_GIVEN RECORDS_
------

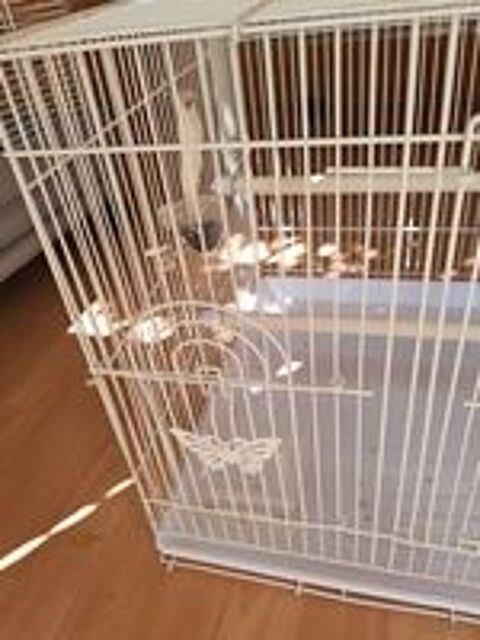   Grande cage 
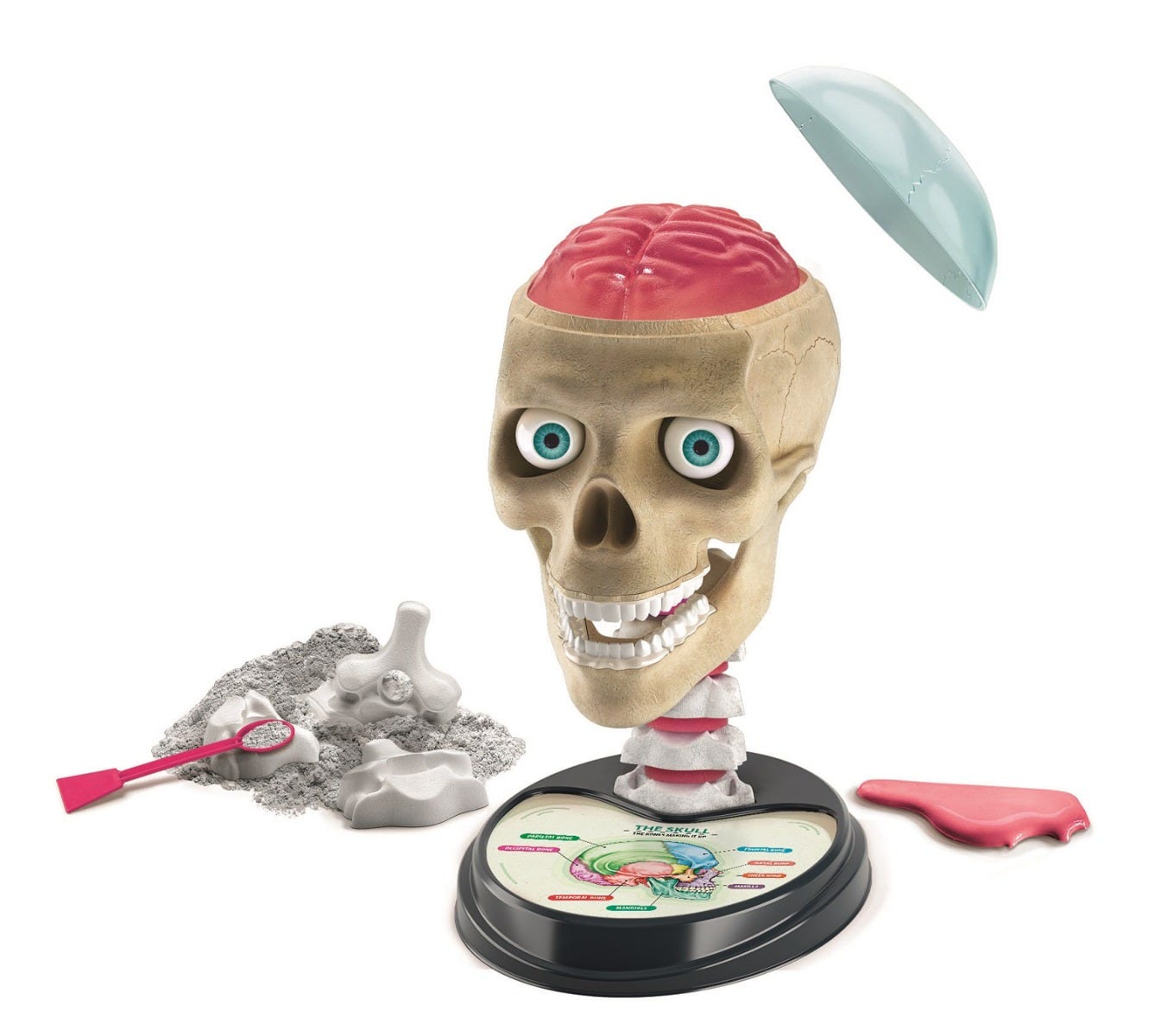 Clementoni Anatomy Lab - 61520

------

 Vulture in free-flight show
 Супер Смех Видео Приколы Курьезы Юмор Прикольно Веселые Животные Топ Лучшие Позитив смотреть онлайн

------

_WORK TASK_
Set down precisely the lines above between the line holding "Vulture in free-flight show" and the line holding "Супер Смех Видео", inclusive, and nothing beyond them.

_COMPLETED EXERCISE_
 Vulture in free-flight show
 Супер Смех Видео Приколы Курьезы Юмор Прикольно Веселые Животные Топ Лучшие Позитив смотреть онлайн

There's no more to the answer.